We headed back to the hotel to work on some more things just after 4:00. Along the way, my co-worker asked about dinner. I figured we could take an hour break and still get done what we needed to get done and I noticed a restaurant just down the street from our hotel that I wasn’t going to miss on this trip.
Umami Burger is a Los Angeles based group of restaurants that specialize in serving amazing burgers. They call themselves a “group” and not a “chain” because the food is not designed to be the same from location to location. Each restaurant is supposed to be unique based on the location and the culinary team in place. There are locations with stores in California, Chicago, Las Vegas, and New York. The original location was on La Brea Avenue but has since closed due to the size and lack of liquor license. The flagship store is now on the corner of Broadway and 9th in downtown L.A.
The Broadway location is in the heart of the Broadway Theater District. The area was well known in the early days of the film industry for it’s movie palaces, Nickelodeons and Vaudeville Theaters. The restaurant itself is next to the Orpheum Theater in the Ninth and Broadway Building which was built in 1930.
We were still kind of operating on East Coast time so at 4:15 PT when we walked in, we were well past our dinner time.
The restaurant was pretty empty but again, it was early local time. The restaurant is set up with a nice big bar along one wall and several four tops filled in to the space. The restaurant makes use of reclaimed wood on the bar and tables while sticking to a concrete floor and bare concrete walls that are lit with exposed “Edison bulbs.”
We were taken to a table near the back of the space. Our server set down the drink menus as well as the food menu then explained what “Umami” meant and how they incorporate it into their food. I had heard of the restaurant before and knew of it’s reputation before we sat down. My co-worker never had.
First thing I did was start with a beer. I wanted to stay as local as I could so I ordered a Wolf Pup Session IPA from Golden Road Brewing from right there in L.A. It was a session beer so it didn’t pack a big hop wallop but it was slightly bitter and very drinkable. A solid session IPA.
So, what makes Umami Burger so special? Well, it’s the care they take in preparing the best possible burger. They use Waygu beef that’s ground in house. The beef is seasoned with “Umami Sauce” and “Umami Dust.” Both recipes are proprietary but the sauce contains soy sauce and the dust contains dried porcini mushrooms and fish heads, so you know there’s a very strong taste to the meat.

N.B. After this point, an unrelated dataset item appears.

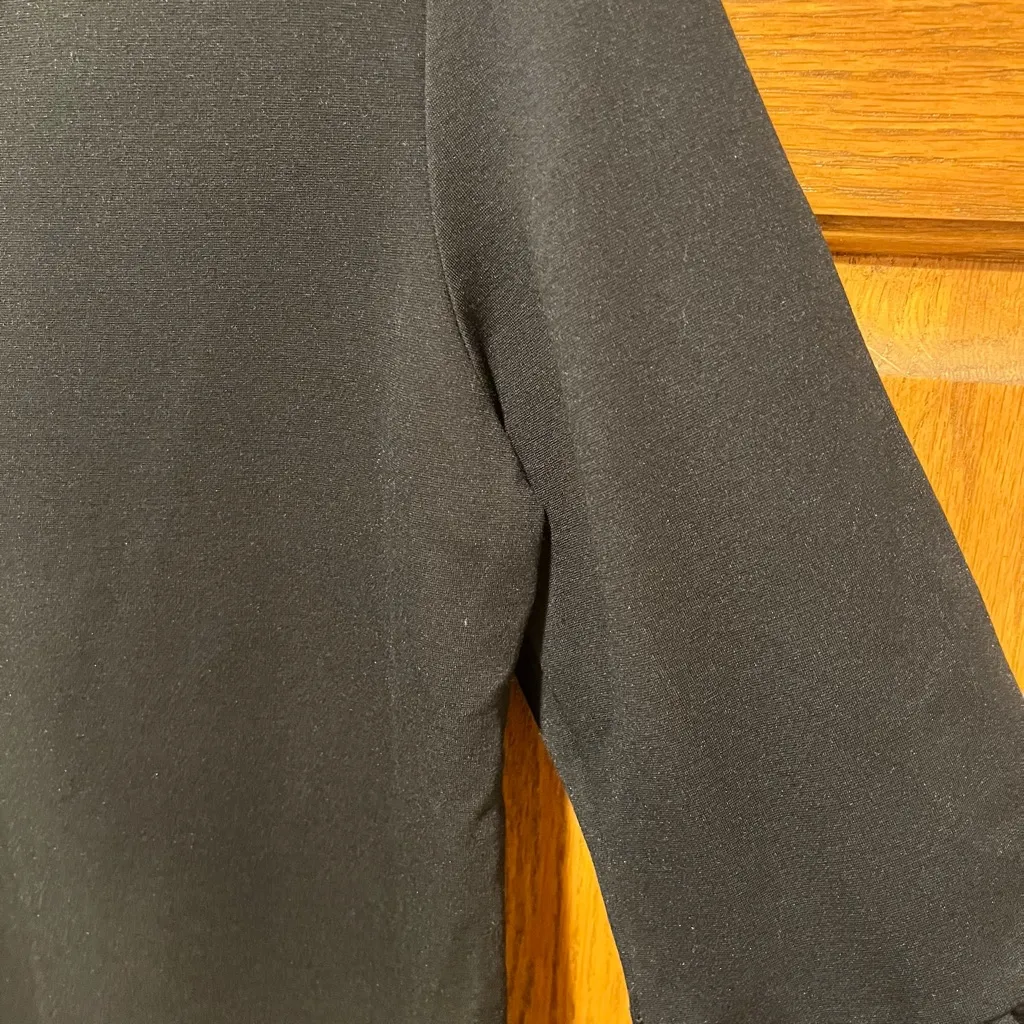 J. McLaughlin Keaton Classic Ponte Knit Black Long Sleeve Blouse - Size Small - Image 4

I ordered the Sunnyside Burger. The sandwich comes topped with a Parmesan frico, a fried egg, a truffle thyme compound butter, truffled arugula, and truffled aoili. All of that sounds very hoighty-toighty but when you think about it, it’s really just cheese, egg, lettuce, and mayo…albiet those are very fancy and insanely delicious versions of very typical burger ingredients.

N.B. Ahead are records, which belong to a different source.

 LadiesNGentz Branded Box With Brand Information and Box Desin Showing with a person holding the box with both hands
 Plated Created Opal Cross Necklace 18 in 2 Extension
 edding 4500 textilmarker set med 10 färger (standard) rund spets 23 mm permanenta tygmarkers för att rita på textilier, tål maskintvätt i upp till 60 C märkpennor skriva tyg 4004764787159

I ordered my burger medium-rare as that was what was suggested by the waiter. It came a little less pink than I imagined but it was so juicy, so tender, and so full of very complex and very intense flavors. I actually left the aioli on the burger, something I normally don’t do, and it added just a little bit of a sweetness to all of the truffle oil which really hammers home the earthiness flavor of the burger. The fried egg threw in another completely different flavor with a little bit of grease and a little bit of a runny yolk.
The sandwiches are all served a la carte so I added on an order of Thin Fries and opted to “Truffle ’em” because, seriously, can you ever get enough truffle oil?

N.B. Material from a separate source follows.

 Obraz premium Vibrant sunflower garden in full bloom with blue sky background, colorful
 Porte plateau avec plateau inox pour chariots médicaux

The fries are very thin cut potato sticks that are covered with salt. The “truffle ’em” option adds a house made truffle cheese sauce and scallions. I actually needed a fork to eat these fries because there was so much of the cheese sauce on top of them. I couldn’t get enough of these fries. Usually the thin cut would annoy me but the truffle cheese sauce was so amazing I was shoving as many into my mouth as I could at once.
When the waiter brought out our meals, he also brought out a plate of sauces. These could have been used on either the fries or the burgers but everything was so good as it was presented, I felt bad using them on either. I did try the Diablo Sauce which is a house made spicy sauce and it was quite delicious with the kind of heat that just sneaks up on you. The ketchup was undersold a little as, “just some ketchup with truffle oil to make it our own.” I don’t really like ketchup so I just took a small sample to see how it was. It was alright but I wouldn’t eat a lot of it.
My bill for this meal was a little over $22 before tip. I honestly can’t complain about that price. For a meal of this caliber in downtown L.A., I would have expected it to be a lot more and it would have been worth every penny.
Umami Burger has kind of built up a reputation as being in the upper echelon of burger restaurants. In a lot of ways, they stand on their own way ahead of the crowd. The menu can be a little intimidating when you look at all the fancy preparations but if you break it down to the simplest form, what you’ll find is an insanely delicious burger prepared the way burgers should be prepared.